Mag de verhuurder zonder toestemming de woning betreden?

Een verhuurder kan diverse redenen hebben om in zijn verhuurde woning te willen kijken. Gedraagt de huurder zich als een nette huurder? Woont de huurder er wel echt? Moet er onderhoud verricht worden? In dit webartikel bespreek ik of een verhuurder zonder toestemming van de huurder de huurwoning mag betreden. Ook bespreek ik of de verhuurder zomaar de sloten kan vervangen.

Door mr. drs. C.G. (Christian) Huijsmans, advocaat huurrecht, bouwrecht en koop van vastgoed en werkzaam bij Advocatenkantoor Zeeland te Goes

In dit webartikel leg ik vooral de focus op de privacy van een huurder van een woning. Daaronder valt ook de huurder van een kamer. In dit webartikel bespreek ik slechts zeer beperkt of een huurder van woonruimte verplicht is om mee te werken aan het verrichten van werkzaamheden aan de woning.

Woongenot van de huurder

Om maar meteen met de deur in huis te vallen: een verhuurder mag niet zomaar zonder toestemming van de huurder de woning betreden. Daarmee zou de verhuurder namelijk in strijd handelen met een kernverplichting in de huurovereenkomst.

De hoofdverplichting van de verhuurder is om de verhuurde zaak ter beschikking te stellen en te houden van de huurder. En wel op zo’n manier dat de huurder het rustige, ongestoorde genot hiervan kan hebben. De verhuurder verstoort dat woongenot door zonder toestemming een woning te betreden.

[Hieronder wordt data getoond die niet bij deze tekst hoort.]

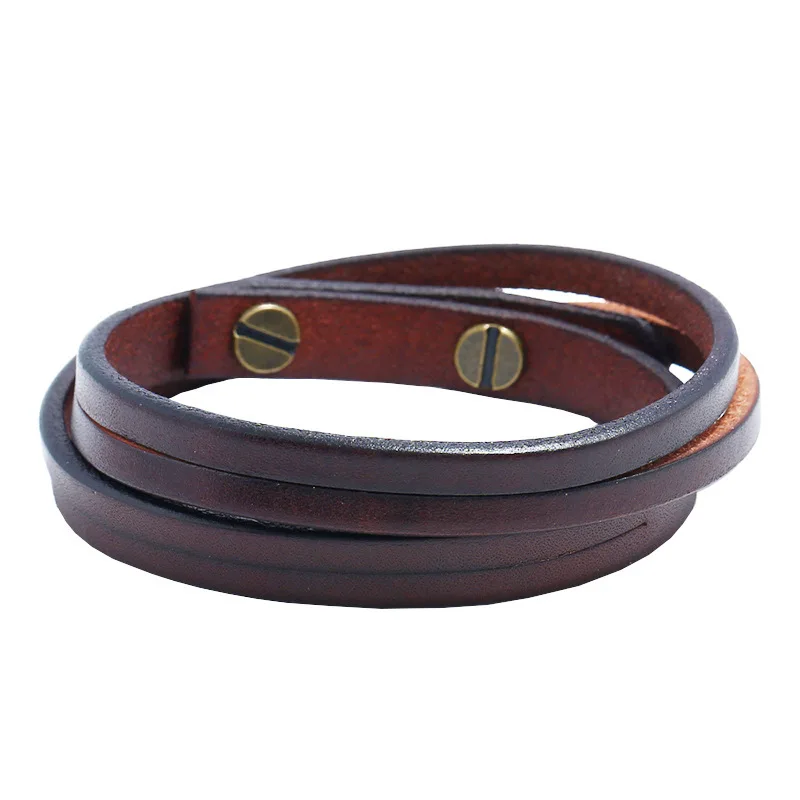 MKENDN Punk Vintage Double Strand Black Brown Real Genuine Cow Leather Charm Unisex Buckle Bracelet For Men Women Jewelry Gifts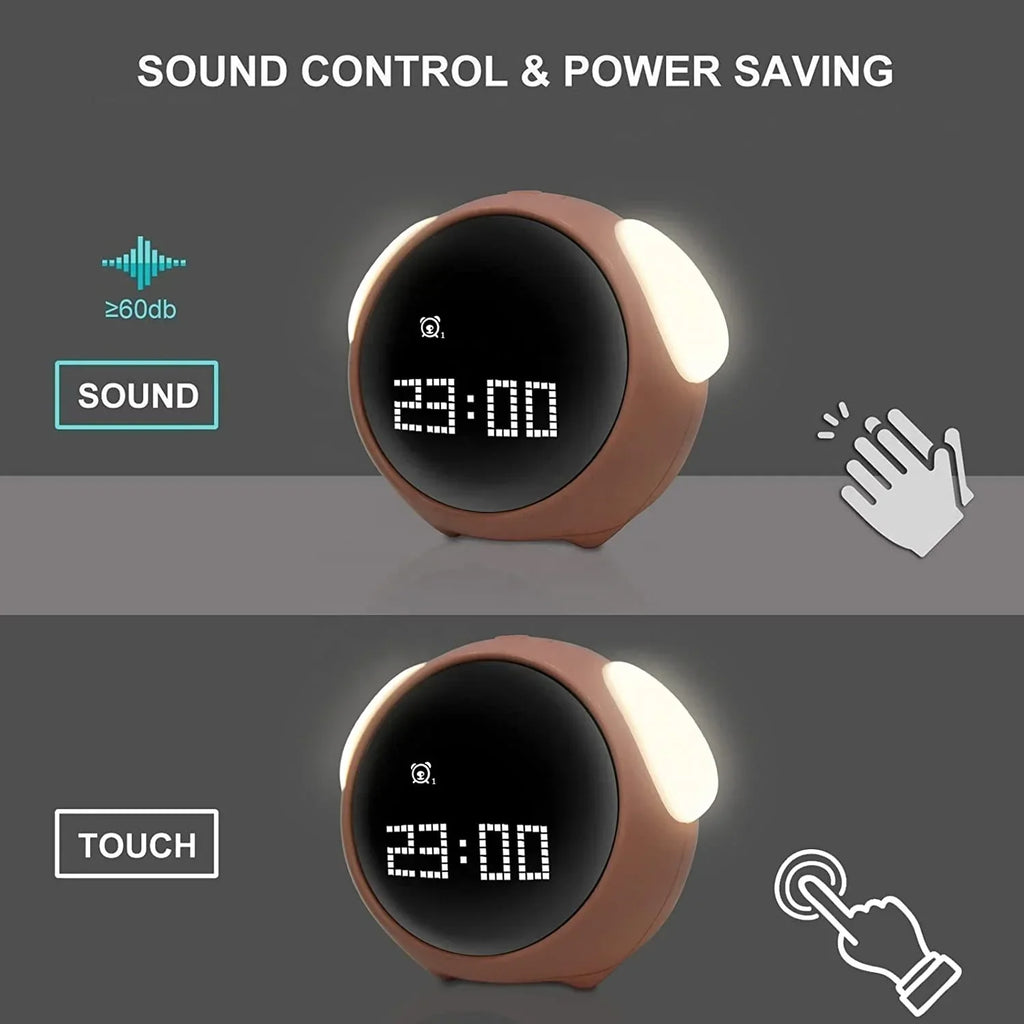 Réveil Numérique Enfant | Horloge LED Intelligente avec Fonction Snooze | Design Mignon pour un Réveil Doux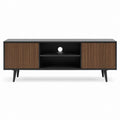 TV-Lowboard Schwarz Walnuss MDF rechteckig mit 2 Schiebetüren 160 x 40 x 60 cm
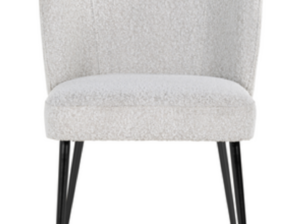 Black leg white boucle chair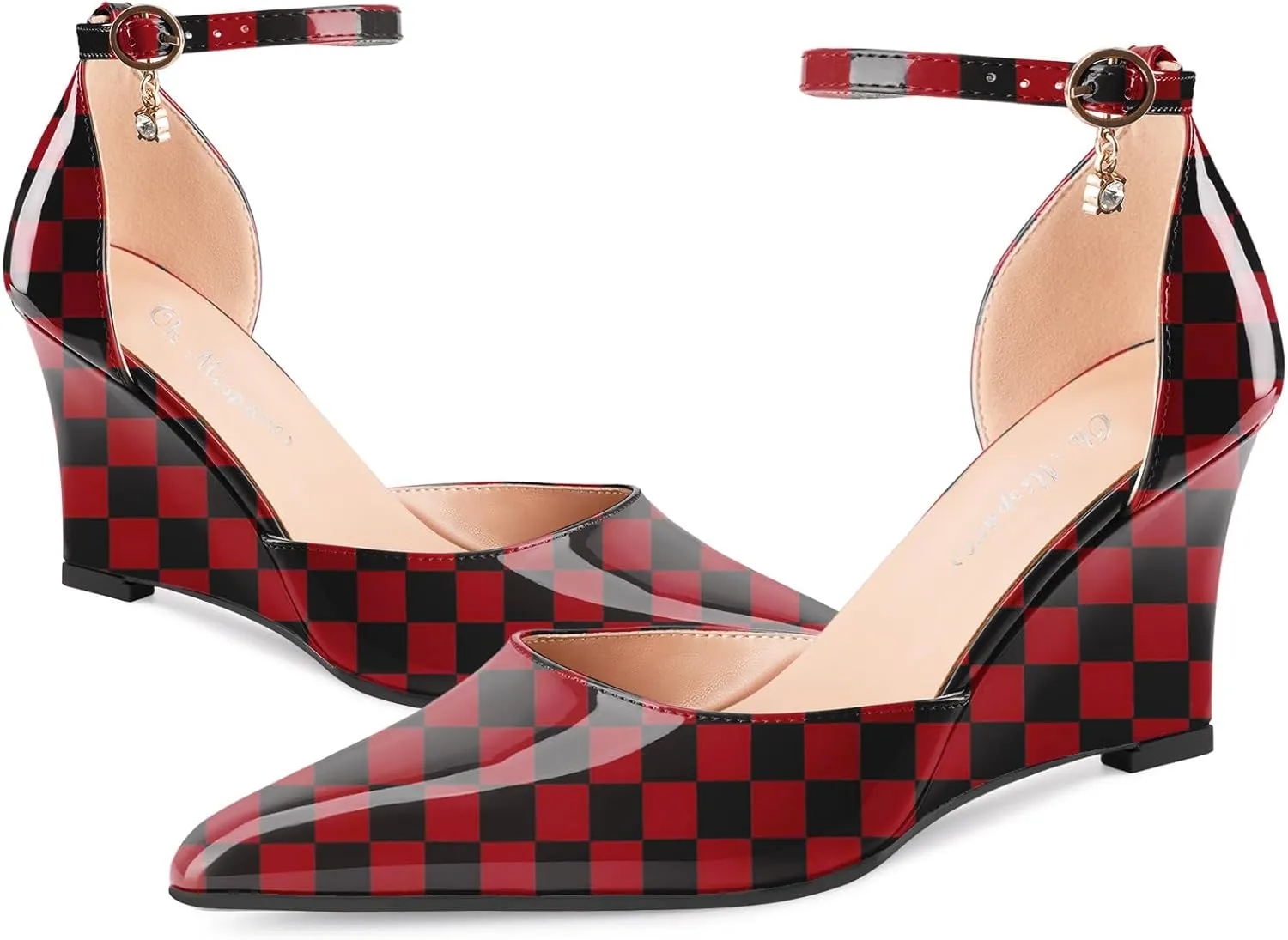 Oh Mispares Women's Wedge Pumps Pointed Closed Toe Wedge Heels for Women Adjustable Ankle Strap Comfortable High-Heeled Dress Shoes for Wedding Work Office Party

Slechts onder uitzonderlijke omstandigheden is er geen toestemming van de bewoner nodig. Hiervan is niet snel sprake. Er kan hierbij gedacht worden aan een noodsituatie, of een reparatie die met een enorme spoed verricht moet worden omdat anders grote schade ontstaat aan het gebouw. Ik denk dan aan het voorbeeld van een gesprongen waterleiding.

Sloten vervangen?

Een verhuurder mag niet zomaar de sloten vervangen van de woning zolang de huurovereenkomst nog bestaat. Het vervangen van de sloten impliceert dat de verhuurder de deur sowieso heeft geopend.

De rechter beschouwt het vervangen van sloten zonder toestemming van de huurder als  eigenrichting.[1] Wanneer nog niet vaststaat dat de huurovereenkomst rechtsgeldig is beëindigd, dan kan de huurder in kort geding vorderen dat hij weer wordt toegelaten tot de woning. De verhuurder zal dan de sleutel voor de nieuwe sloten moeten geven aan de huurder.[2]

Zelfs als de verhuurder (gerede) twijfels heeft dat de woning überhaupt nog wordt gebruikt, mag hij niet de woning betreden en de sloten vervangen. Als de verhuurder dat wel doet, dan is dit een tekortkoming in de nakoming van de huurovereenkomst.[3] Als de woning er onbewoond uitziet, wil dat overigens niet zeggen dat de verhuurder daarmee ook het huisrecht heeft geschonden.[4]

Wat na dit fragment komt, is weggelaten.